The Mercator Projection is the most recognized map of the world today. Developed by Flemish cartographer Gerardus Mercator in 1569, it revolutionized sea navigation. It quickly became the de facto view of the world, propogated into classrooms all over the world and even used by Google as late as 2018. Unfortunately, this is a case of wrong tool for the job.
What is a projection? A projection is a two-dimensional representation of the surface of a globe (in this case, the earth). All projections are distortions – the 2D projection makes it impossible to preserve both the angles and the area of a 3D object. This was the topic of mathematician Carl Gauss’s Theorema Egregium, which is probably best expressed in layman’s terms as: a globe contains curvature and a piece of paper does not, and therein lies the rub.

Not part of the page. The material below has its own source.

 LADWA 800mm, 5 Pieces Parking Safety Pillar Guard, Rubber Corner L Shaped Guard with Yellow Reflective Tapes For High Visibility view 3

Back to the Mercator Projection. Mercator conceptually represented the globe as a cylinder, cut the cylinder and then spread it out onto a piece of paper. This allowed him to represent longitude as parallel lines (when, on a globe they converge at the poles). Designed specifically for sea navigation, parallel longitudes allowed for direct rhumb lines from point A to point B, so ships could maintain the same relative course for an entire trip. The compromise was that to keep the longitudes parallel, Mercator had to stretch the latitudes farther and farther as you move away from the equator.
Now about those gross inaccuracies. Since the distances between degrees of latitude get larger as you get farther away from the equator, the size of land masses are equally distorted. The most obvious example is Greenland. Yes, Greenland is big (the 12th biggest country in the world by land mass) but in the Mercator projection it appears the same size as the continent of Africa. Another good example is Alaska. Again, legitimately huge (bigger than the next three largest states combined) but in the Mercator projection it appears to be the size of half of the United States. The problem was exacerbated when map makers, apparently bothered by the ‘infinite’ representation of Antarctica, removed Anartica from the map. That moved the equator downward from the middle of the map and further emphasized the enlarged northern hemisphere. Here is the Mercator projection with the actual size of land masses also represented:
Intentional bias? When mapmakers removed Antarctica for aesthetic reasons, it pushed most of the skew to the northern hemisphere, having the effect of enlarging all of North America, Europe and Russia and also putting them more centralized on the map. Unintentional or not, this causes a map bias¹ towards the traditional industrialized nations. In recent years this has led some school districts to reconsider which projection to display in classrooms. But, as all projections are flawed in some way, this has also led to controversies.
What should we, as intelligent consumers, do? Take a page from Supreme Court Justice Potter Steward – “I’ll know it when I see it.” If you see a map of the world with an engorged Greenland, know that it is a Mercator Projection, that it was designed specifically for sea navigation, and that it doesn’t accurately reflect the size of land masses. And if Antarctica is chopped off, know that the equator isn’t in the middle of the picture, making the situation even worse.
In the case of projections, not only isn’t there a one correct answer, there isn’t even a good least incorrect answer. Like much of life, the best solution is to be aware of the limitations.
¹ Map bias refers to the tendency for our eyes to focus primarily on larger regions on a map, and less on smaller ones.